Government should also prioritise introducing a new legal power for councils to break the ‘statutory aim to permit’ if this is necessary. These measures will be vital to stop the proliferation of gambling premises in concentrated areas and allow councils to design places that meet residents’ and the local economies’ needs.

More robust regulations on industry

There are increasing calls from across the health sector for gambling to be approached as a public health issue. Problem gambling is a complex problem, therefore traditional approaches that focus on supporting individuals with single interventions, such as addiction support, do not tend to work at the population level. In addition to investment in the range of public services that support those with problem gambling, Government urgently needs to put in place more robust regulations to protect people from harm.

Although online gambling and gambling advertising is outside the scope of councils’ regulatory responsibilities, we are concerned the current system of online protections is failing to prevent gambling harm. Gamblers are able to spend very large sums of money, without any checks on their financial ability to pay, within short periods of time and without effective operator intervention. The White Paper must address this issue and set out more robust regulations on the gambling industry to ensure that gambling is offered in a safe and responsible way.
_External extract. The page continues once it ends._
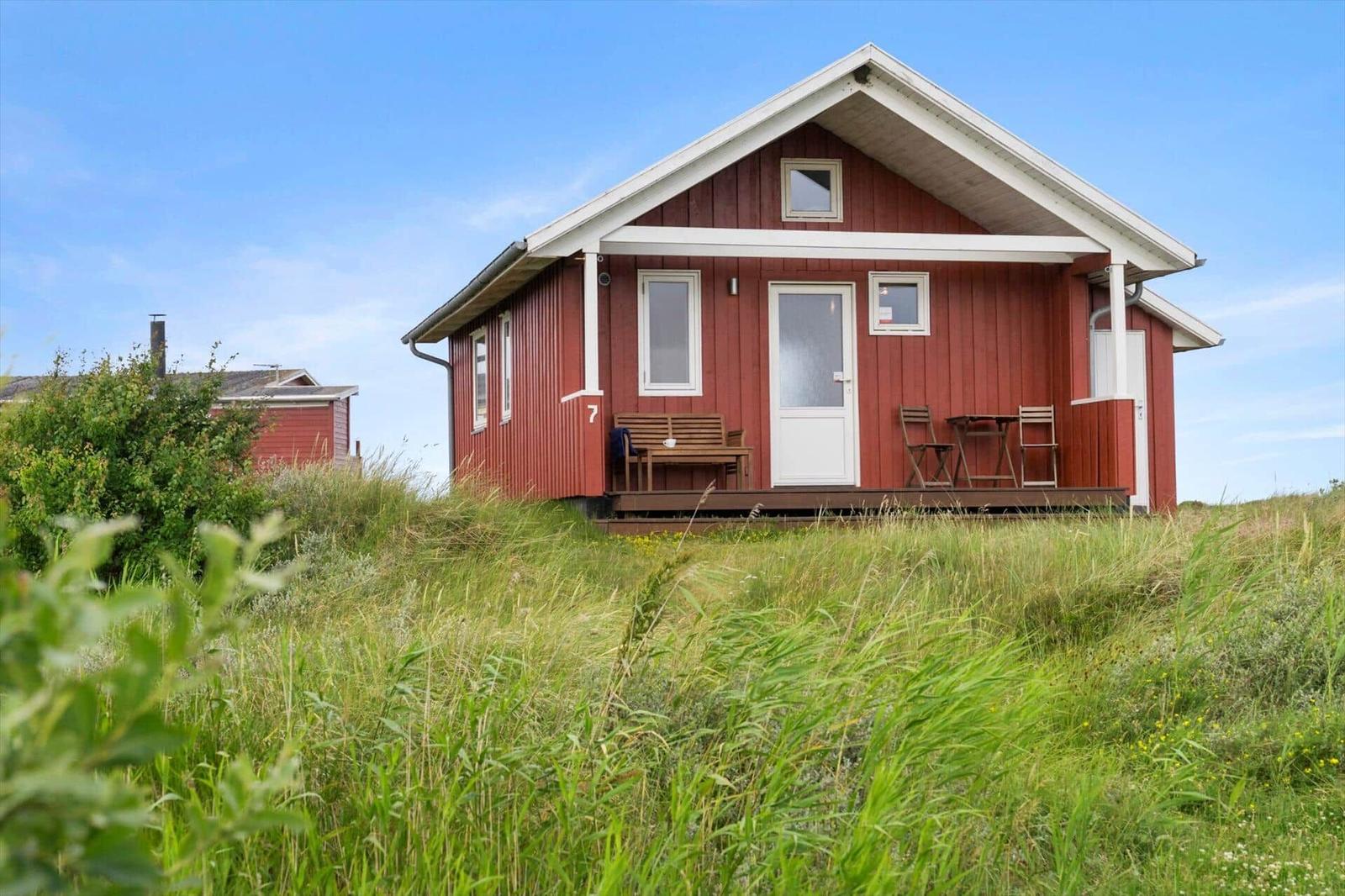 Rotes Holzhaus mit Terrasse und Garten. Tür und Fenster sind weiß.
We are also calling for the Government to restrict the volume of gambling advertising, particularly where it can be seen by children – for example, during televised or live sport as well as for greater control on sponsorship. We hope that the Gambling Act Review will address this.

Industry support for gambling treatment

The LGA supports the cross-sector call to introduce a mandatory levy on gambling firms to help fund a significant expansion of treatment and support for those experiencing gambling related harm throughout the country. This would help to ensure long-term security and continuity in funding, and help enable services to offer more comprehensive support to all who need it.

The levy should be based on the ‘polluter pays’ principle, so those companies and sectors of the market causing the greatest harm pay the most. While the commitment from a small number of large operators to increase voluntary contributions to one per cent is welcome, this should be put on a statutory footing. This view is supported by other organisations, including GambleAware. We would welcome any move to introduce a mandatory levy in the Review.

Licensing fees and funding

A further area of concern for authorities is gambling licence fees. Nationally set licence fee caps have not been increased since 2007 and should be updated to reflect the increases in associated costs since then. We are calling for local flexibility to allow councils to set fees in line with the costs of administering a license, in line with taxi and private hire vehicle licenses and other areas of licensing. However, if the Department chooses to maintain a national rate or cap, then it is vital that the rate is at least increased in line with inflation since 2007.